[Stored entries]
┄┄┄┄┄┄┄┄┄┄
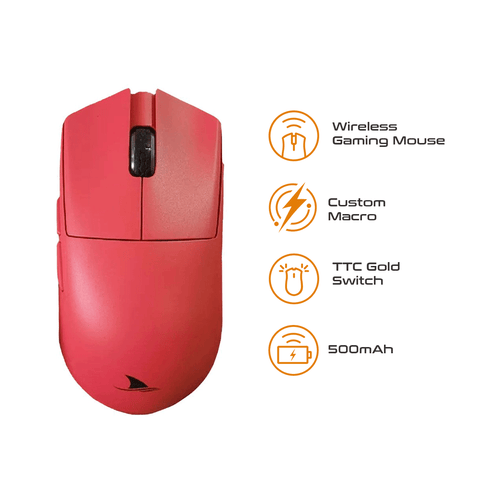 Darmoshark M3s Mini Varun Wireless Gaming Mouse [Red]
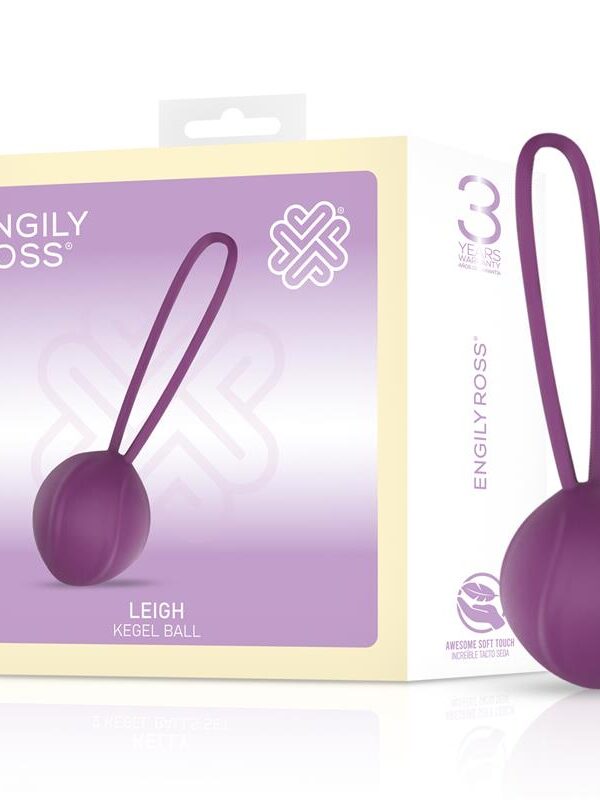 Leigh Bola Kegel Silicona Púrpura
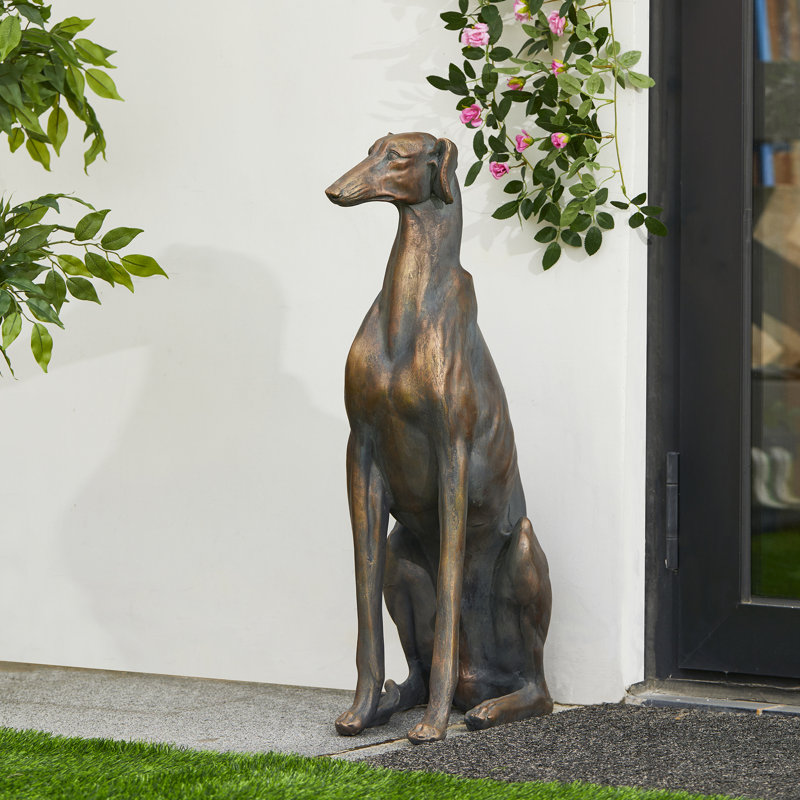 Statue de jardin Elgotra, H 30,25 po x l 9,5 po x P 16,75 po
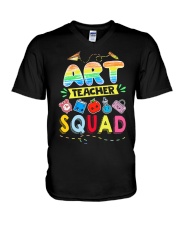 Art Teacher Squad V-Neck T-Shirt thumbnail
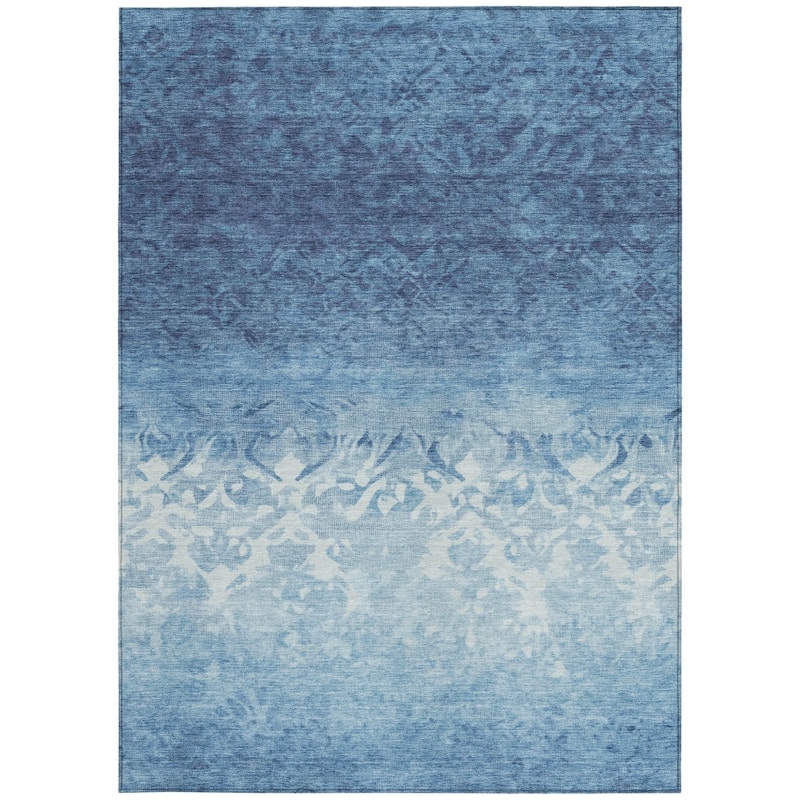 HomeRoots Damask Transitional Rectangle Outdoor Rug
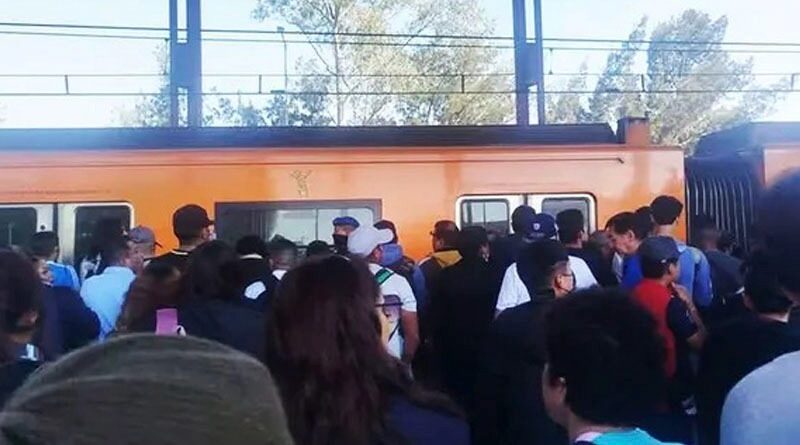 SUSPENDEN SERVICIO EN LÍNEA A DEL METRO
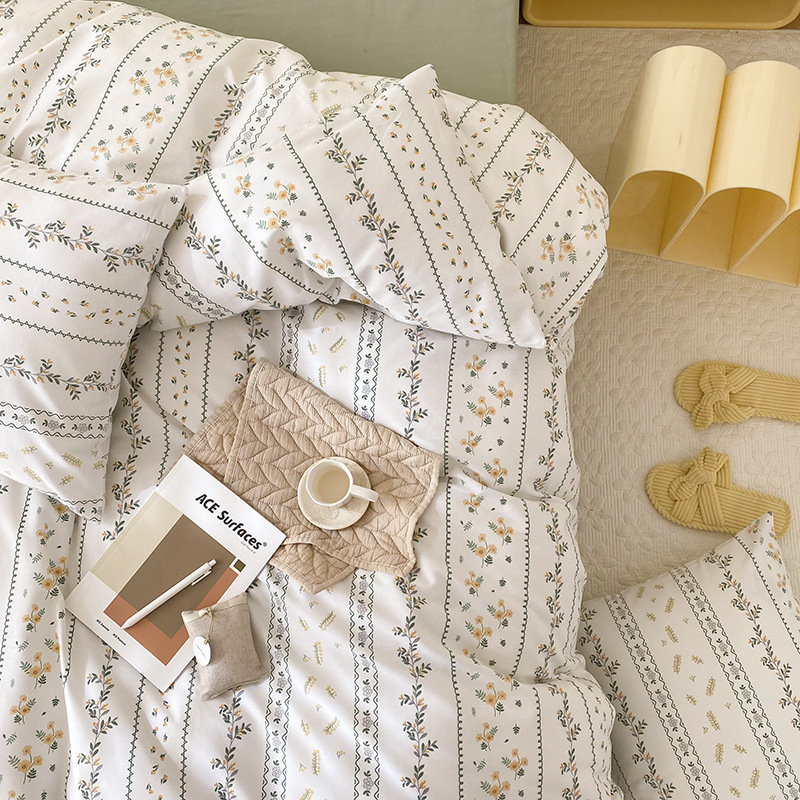 Fresh princess pastoral cotton four-piece set b57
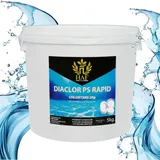 HAF® Schnelllösliche Chlortabletten 20g mit hohem Aktivchlor Gehalt | Chlortabs 20g, 5 kg | S-Tabletten für Desinfektion von Pool, Schwimmbad & Whirlpool - Qualität: Made in Europe - Menge: 1 x 5 kg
┄┄┄┄┄┄┄┄┄┄
WORK REQUIRED ▸ Each line from the one holding "Leigh Bola Kegel Silicona Púrpura" through the final line of the data needs to be transcribed exactly. Include both ends, skip the pictures, and add nothing.

WRITTEN ANSWER ▸
 Leigh Bola Kegel Silicona Púrpura
 Statue de jardin Elgotra, H 30,25 po x l 9,5 po x P 16,75 po
 Art Teacher Squad V-Neck T-Shirt thumbnail
 HomeRoots Damask Transitional Rectangle Outdoor Rug
 SUSPENDEN SERVICIO EN LÍNEA A DEL METRO
 Fresh princess pastoral cotton four-piece set b57
 HAF® Schnelllösliche Chlortabletten 20g mit hohem Aktivchlor Gehalt | Chlortabs 20g, 5 kg | S-Tabletten für Desinfektion von Pool, Schwimmbad & Whirlpool - Qualität: Made in Europe - Menge: 1 x 5 kg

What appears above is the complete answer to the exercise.